His photographs of Monroe, taken over three days in June 1962 in the Hotel Bel-Air in Los Angeles, were collected in a mammoth 2000 book, “Marilyn Monroe: The Complete Last Sitting.” “It was a one-time-in-a-lifetime experience, to have Marilyn Monroe in a hotel room,” Mr. Stern said in the 2010 documentary “Bert Stern: Original Madman,” “even though it was turned into a studio, where I could do anything I wanted.” Ms. Laumeister directed the film. Many of the photos showed Monroe unclothed, or posing behind transparent scarves. “She was so beautiful at that time,” Mr. Stern told Newsday. “I didn’t say, ‘Pose nude.’ It was more one thing leading to another: You take clothes off and off and off and off and off. She thought for a while. I’d say something and the pose just led to itself.”

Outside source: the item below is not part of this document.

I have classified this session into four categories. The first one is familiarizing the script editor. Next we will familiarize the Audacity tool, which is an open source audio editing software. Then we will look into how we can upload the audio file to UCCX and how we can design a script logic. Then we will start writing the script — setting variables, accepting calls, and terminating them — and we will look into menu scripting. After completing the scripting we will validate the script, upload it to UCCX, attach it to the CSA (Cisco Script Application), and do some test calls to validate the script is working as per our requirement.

Early in his career Mr. Stern made his mark with a 1955 close-up of a martini in the Egyptian desert, pyramid shimmering in the background. The picture, which he shot on location with a crew of technicians and models for a Smirnoff vodka advertisement, was considered groundbreaking in its simplicity. Along with Irving Penn, Richard Avedon and Mark Shaw, Mr. Stern was part of a generation of photographers who made clear, clutter-free, arresting images the language of glossy magazine advertising, which until then had mainly used pictures to illustrate text. In the program notes for a 1988 Manhattan gallery exhibition, Robert Sobieszek, the curator of what is now the International Museum of Photography and Film at the George Eastman House, called Mr. Stern’s martini photograph “the most influential break with traditional advertising photography” of its time.

In a statement considered provocative in its day, Mr. Stern told a panel of commercial artists in 1959, “I like to put my feelings into my photographs.” That same year he received an assignment that took some effort to connect with his feelings: the makers of Spam asked him to “romanticize shish kebab made from Spam,” he told The New York Times. Mr. Stern took a crew of helpers and models to the Gulf of Mexico to shoot that one — a dreamy shot of that meat product. The client was pleased.

Bert Stern was born in Brooklyn on Oct. 3, 1929. In a 1968 interview with Newsday, he said his father was a children’s portrait photographer. After dropping out of high school in his senior year, he served in the Army, working as a photographer on a base in Japan. That experience helped him land a job in the mailroom at Look magazine, where he became a protégé of Hershel Bramson, the art director, who would later give him his first job as a commercial photographer. The Smirnoff campaign was his first assignment.
Soon he was sought after by magazines, advertisers, Hollywood studios and fashion designers, and his range of subjects grew to include celebrities, movie stars and commercial products — Audrey Hepburn, Gary Cooper, Truman Capote, Twiggy, Elizabeth Taylor, Noxema skin cream, One a Day vitamins, Wish-Bone salad dressing and, of course, Marilyn Monroe.

Mr. Stern’s work is in many museum collections, including those of the Museum of Modern Art and the Fashion Institute of Technology in New York, and the International Museum of Photography and Film in Rochester, N.Y. In various interviews Mr. Stern said taking pictures had always been his way of seeing people, and even of relating to them in ways he could not otherwise. It was why his favorite subject was always professional models. “Models more than actresses,” he said. “What makes a great model is her need, her desire; and it’s exciting to photograph desire.”